FTX, Celsius, BlockFi and others pointed to the names "Sequoia", "Tiger Global" or "Ontario Teachers' Pension Fund" and used them as evidence of their integrity. The money was leveraged to lure small customers and allowed them to invest in each other, lose one from the other, and cover up for each other. And the funds? Some of them realized record profits.
Each and every one of the funds that invested capital in Sam Bankman-Fried's companies was, without noticing, a part of the Celsius fiasco. The money that flowed into FTX and Alameda allowed these companies to continue their risky investment strategy, with Celsius being one of the more dominant ones.

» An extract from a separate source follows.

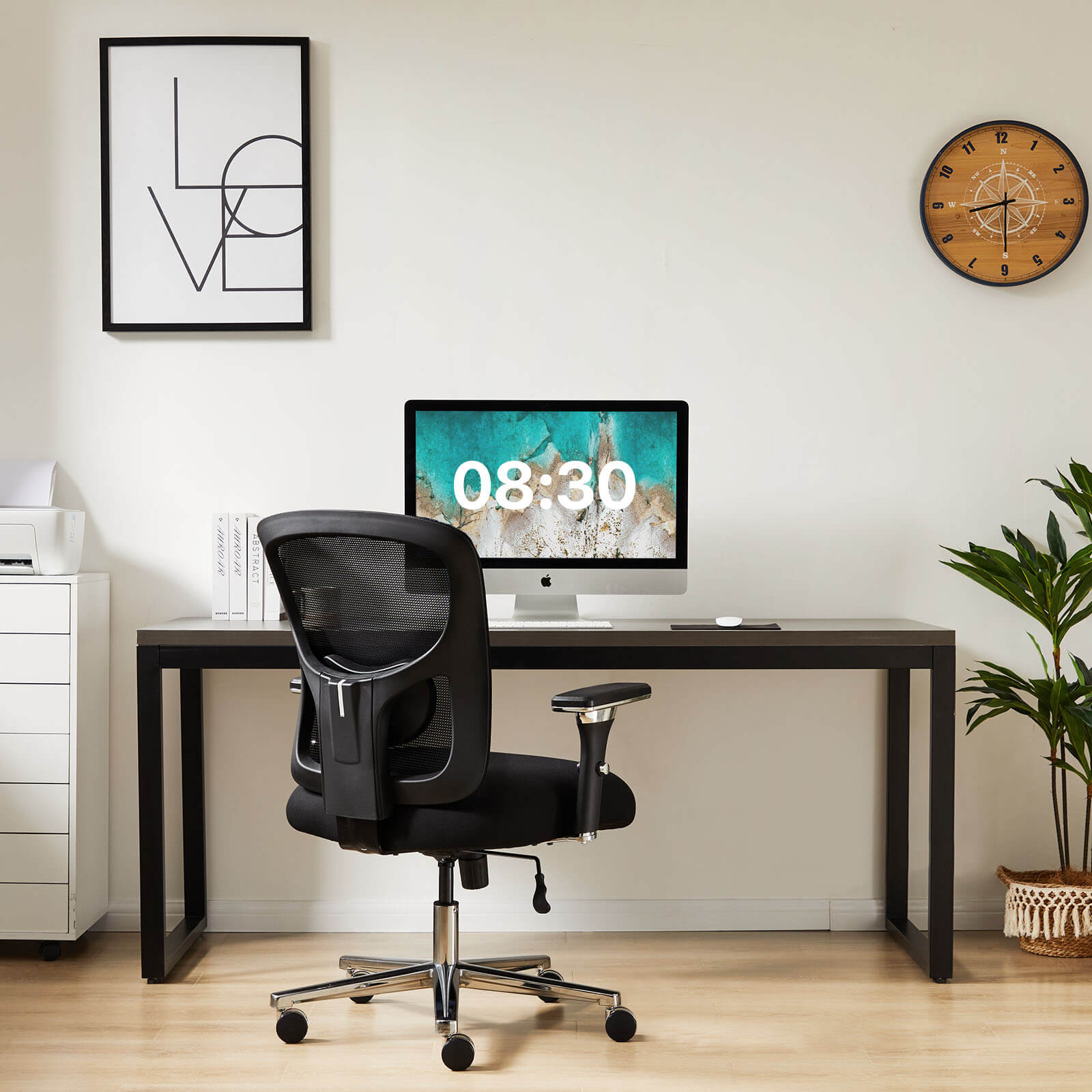 Heavy Duty Ergonomic Office Chair, Adjustable Lumbar Support, Oversized Cushion, 500lb Capacity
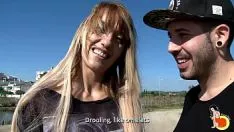 Play Thin blond skirt gets assfucked exterior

Today we know that Alameda itself is one of Celsius' biggest backers with a $12 million investment in a platform it will likely never see. Another company called Pharos USD is Celsius' biggest creditor — $81 million in debt. Although no direct connection between Pharos USD and FTX's companies is evident, a Bloomberg investigation found close connections between Alameda and Bankman-Fried himself and this company, which is difficult to currently understand.
Estimates are that the collapse of Celsius last May, along with the fall of 3AC, was a destabilizing factor in Alameda itself, and led Bankman-Fried to pour $4 billion in customer funds into it at that time.
One way or another, there is no way to ignore or whitewash the role VCs played in this debacle.